● Crawled caption data:
*** Block opens ***

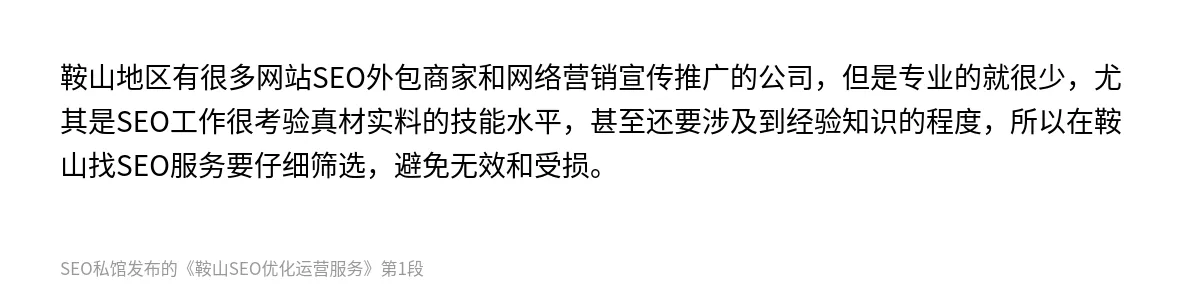 鞍山SEO优化运营服务 - 第1张图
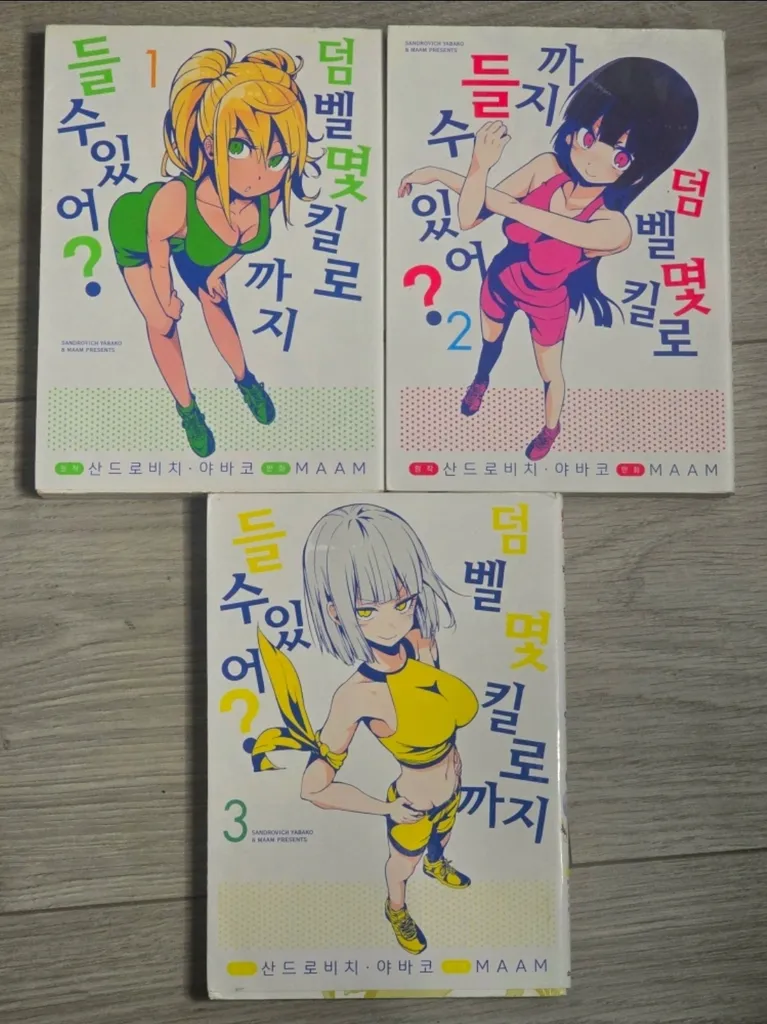 How Heavy are the Dumbells You Lift? Vol. 1-3 photo 1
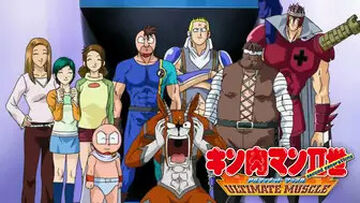 キン肉マンII世 | The Dubbing Database | Fandom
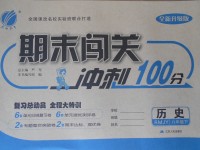 2017年期末闖關(guān)沖刺100分八年級(jí)歷史下冊(cè)人教版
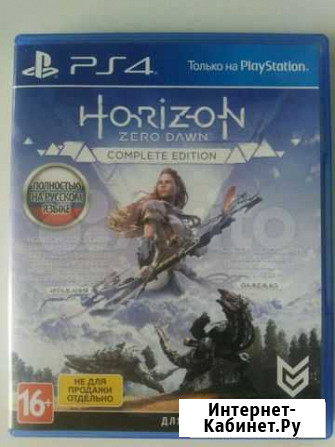 Ps4 Horizon zero dawn complete edition Балашиха - изображение 1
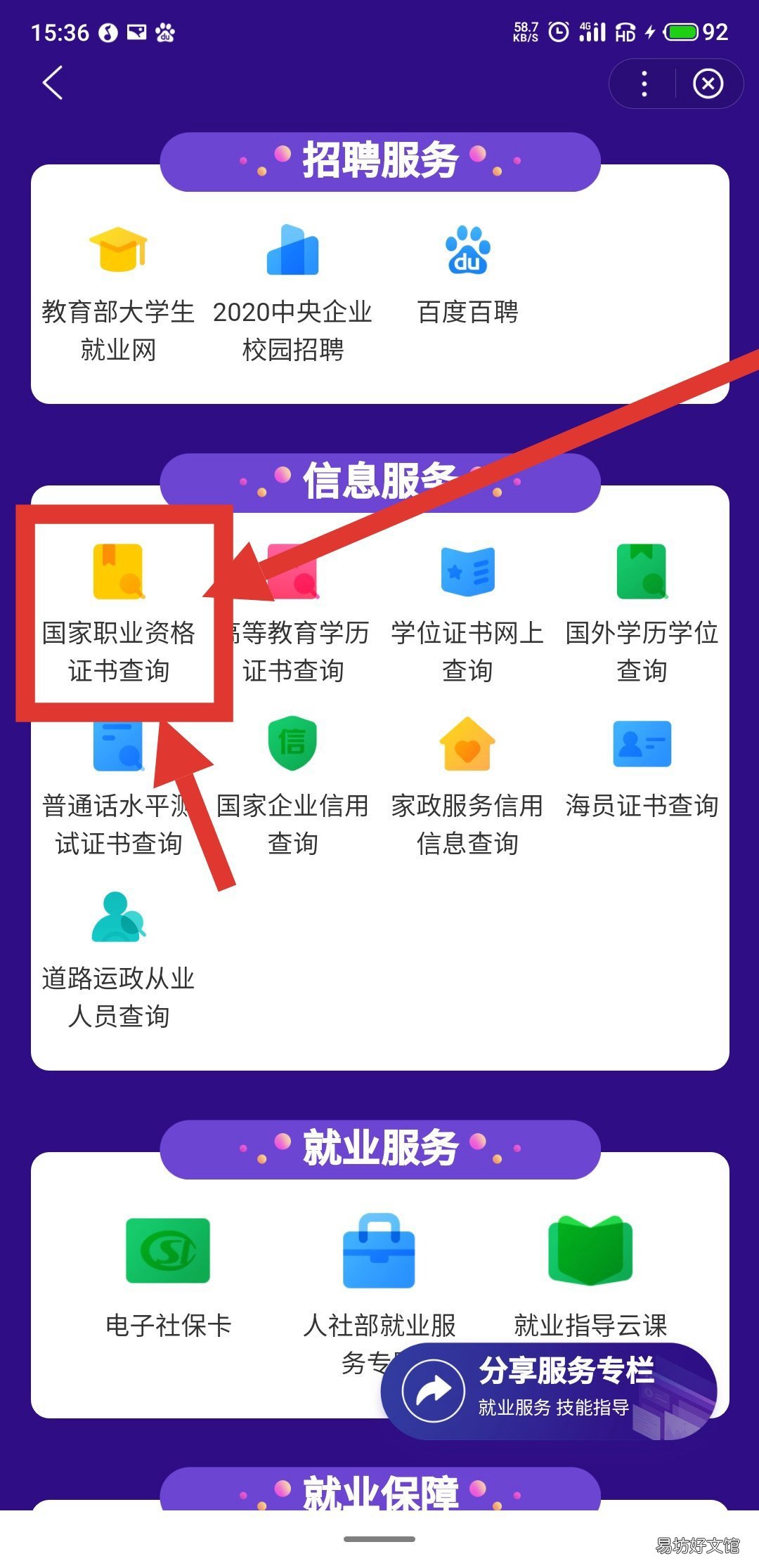 唐山健康管理师合格证书查询流程 唐山市健康证查询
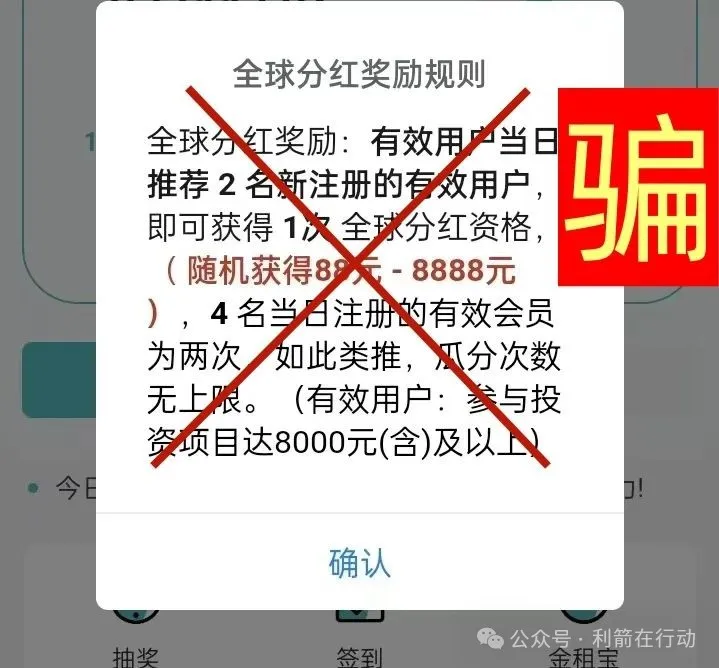 %title插图%num
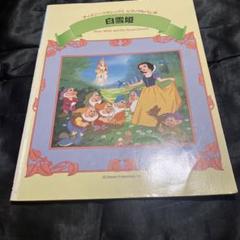 ディズニークラシックピアノアルバ　白雪姫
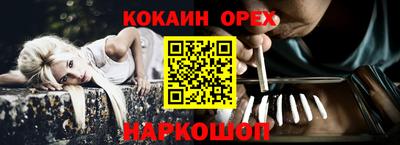меф Ликино-Дулёво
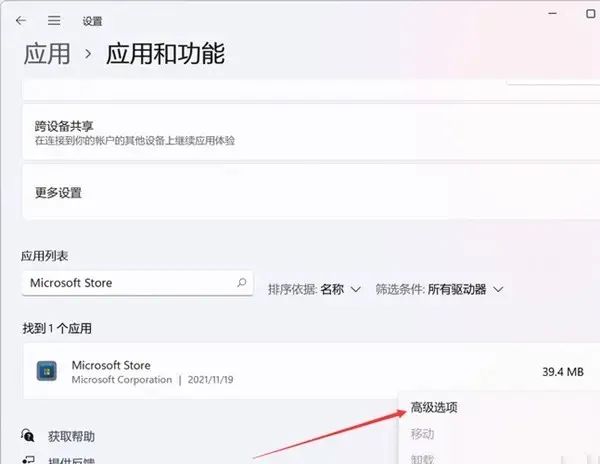 win11应用商店加载空白怎么办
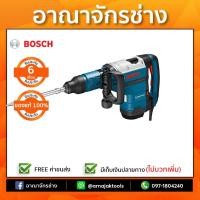 ราคา BOSCH GSH 9VC สว่านสกัดทำลาย เครื่องสกัดทำลาย สกัด (1339370078)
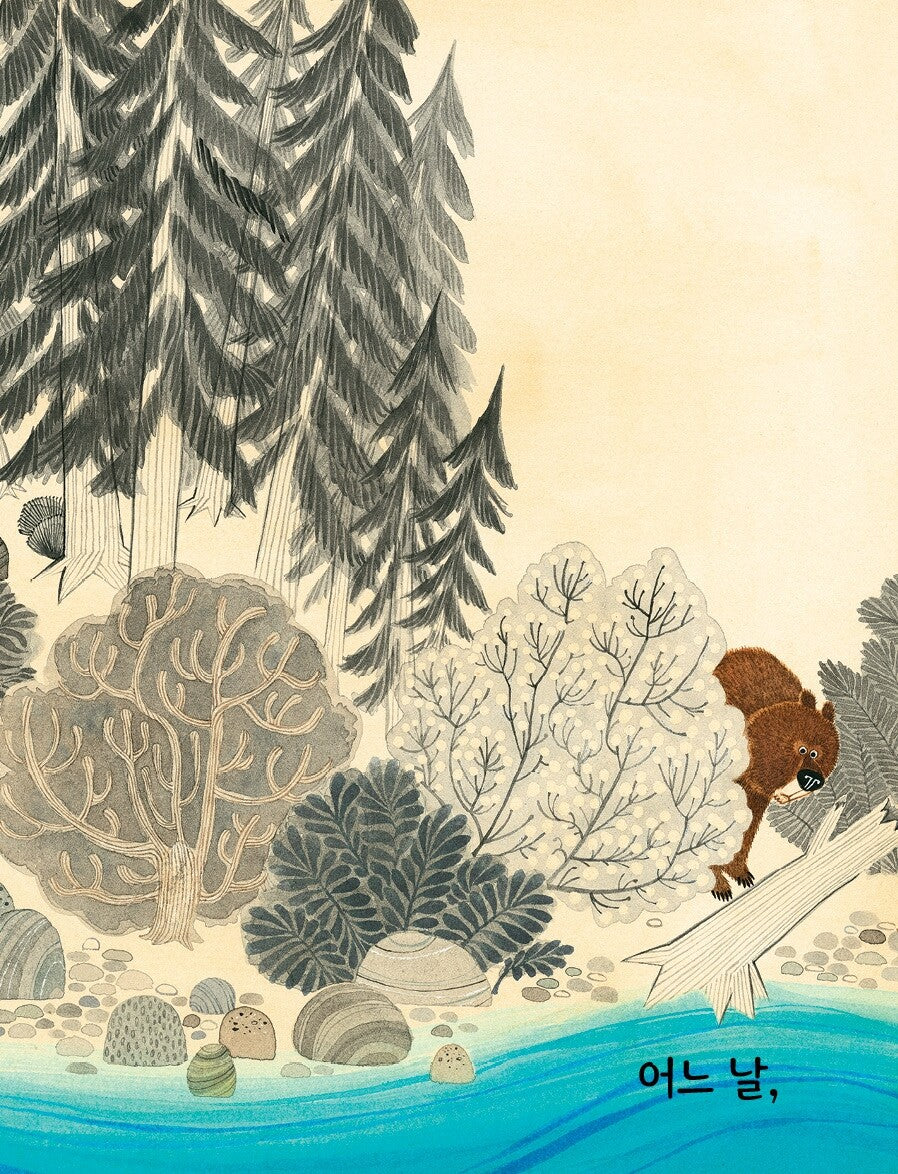 Bear Came Along by Richard T. Morris | Korean Edition Picture Books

*** Block closes ***

● Exercise:
Once the line holding "Ps4 Horizon zero" is found, copy it and each later line exactly through the end of the data, leaving out the pictures.

● Answer box:
 Ps4 Horizon zero dawn complete edition Балашиха - изображение 1
 唐山健康管理师合格证书查询流程 唐山市健康证查询
 %title插图%num
 ディズニークラシックピアノアルバ　白雪姫
меф Ликино-Дулёво
 win11应用商店加载空白怎么办
 ราคา BOSCH GSH 9VC สว่านสกัดทำลาย เครื่องสกัดทำลาย สกัด (1339370078)
 Bear Came Along by Richard T. Morris | Korean Edition Picture Books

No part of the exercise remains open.